I’m not joking when I say this is a buddy cop movie. For reasons that are never explained, in this dipshit who accidentally kicked a child over a railing to his death, Michael Myers sees murder talent worth developing. Or something like that.
Whatever the motivation, Michael Myers and this loser who keeps getting his ass handed to him by a teen who plays the flute at football games decide to become a team. After four long decades of “The Shape” indiscriminately killing anyone who crosses his path, even people who are nice to him like Danny Trejo’s character in the first Rob Zombie reboot…
…he’s finally found a soft spot for this hack who’s in his feelings because the community hates that he kicked a kid to death.
There’s a scene where the two of them commit their first murder together and, in a Halloween movie done right, Michael Myers would’ve annihilated everyone in the room, including his newfound apprentice. But nope! This isn’t your parents’ Michael Myers. This one sucks.
At one point, the young upstart shows up at Michael Myers’ sewer home and demands answers to questions (from someone who doesn’t speak) and starts a fight when he doesn’t get them. Instead of this ending in him getting stabbed in the thorax with a pair of kitchen scissors, the two of them just wrestle a little bit like teammates who got a little too worked up during practice.
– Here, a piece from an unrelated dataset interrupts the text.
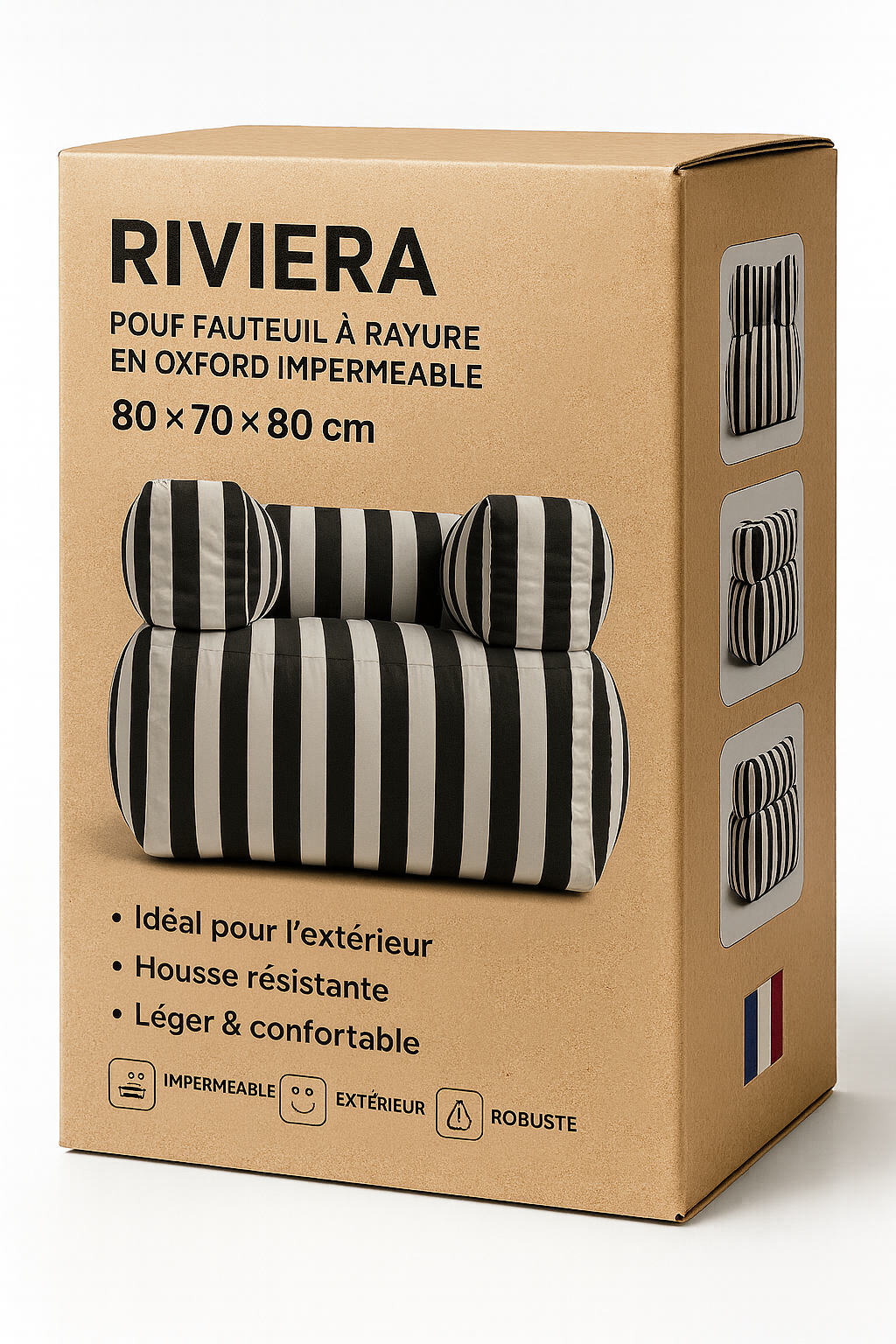 Packaging du Pouf fauteuil pour extérieur à rayure noir et blanc en Oxford imperméable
I don’t know how you could watch that and not laugh, even if this is the first horror movie you’ve ever watched. It’s like something out of the Scary Movie franchise.
When I say this movie is funny, I should clarify that I don’t mean the kills are funny. That’s a staple of this and several other horror movie franchises. Kills are supposed to make you laugh and/or howl with approval, and that happens a bunch here too. But that just adds to the problem. The kills are funny, but so is the idea that Michael Myers would team up with this hapless babysitter for any reason at all.
Now let’s flashback to those two headlines I mentioned at the beginning of this article. One of them mentions that “you could hear a pin drop” when they were filming the scenes that constitute Michael Myers’ final moments.
Again, I found all of that legitimately funny in a slapstick comedy way. Part of his death involves dropping a refrigerator on his leg so he can’t move it. An unstoppable force of evil is ultimately taken down by a kitchen appliance to the knee, and I’m supposed to believe everyone in the room was too overcome with awe and emotion to speak.
Or does the “you could hear a pin drop” line refer to when Michael Myers’ body is unceremoniously run through a trash compactor? Because that was absolutely hilarious to watch also.
Aside from it being laugh out loud funny in several moments when I know it didn’t mean to be, I guess my biggest problem with this movie is that, at the very last possible moment, it gives an emotionless killing machine emotions for absolutely no reason.
People were mad at the Rob Zombie reboot because he gave Michael Myers a backstory. That was considered highly antithetical to what a character so lacking in details he was originally just gonna be called The Shape was supposed to be.
So what does Michael Myers having a man-crush on this Haddonfield rando do for the legacy? I’d argue not a whole lot. If anything, it just sets up more questions that will probably be answered in a terrible reboot trilogy directed by Peyton Manning or some shit.